Scalability & Containerisation architecture
Designed the deployment model: single Docker image, device-agnostic (sits above any existing Sensitech / Tive / Controlant tracker hardware without rip-and-replace), offline-resilient via local CSV/JSON fallback. Cost model: ~$200K one-time setup, ~$10K/month recurring. One prevented biologic loss ($215K average) covers 12 months of operation.
Bug fix: _should_revise() in orchestrator/graph.py
The original implementation unconditionally routed every orchestration run through the revise node, wasting one full LLM call per incident regardless of whether reflection found any issues. Fixed to check for GAP notes in reflection output and deferred tools before routing, making the logic explicit and eliminating unnecessary LLM spend on clean executions.

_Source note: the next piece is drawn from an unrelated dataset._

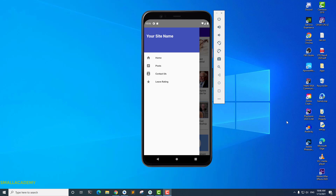Hey everyone, I'm Vikas from Ismail Academy and welcome to another video on converting a WordPress blog into an Android application. In the last video we added the required dependencies in our sample application, so in this video we are going to go ahead and design the navigation drawer.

| Member | Primary Components |
|---|---|
| Rahul Sharma | LangGraph orchestrator · ML pipeline · XGBoost · feature engineering |
| Karthik | Data pipeline · Supabase schema · product and facility data |
| Mukul Ray (this fork) | Route agent · Triage agent · Insurance cascade · LLM fallback chain · Scalability |
| Yash | Compliance agent · RAG pipeline · Notification agent · Slack/email integration |
| Nikhil Sumesh | Scheduling agent · Cold storage agent · Deployment · Railway/Vercel |
UMD Smith School of Business · Agentic AI Challenge · April 2026 1st Place — $4,000
Challenge: Design an agentic AI system capable of triggering cascading operational actions when pharmaceutical shipment risks are detected — balancing automation with regulatory constraints, explainability, and human-in-the-loop oversight.
Original repository: nsumesh/SmithAgenticAIChallenge
Monitoring tells you what happened. We built the system that decides what to do.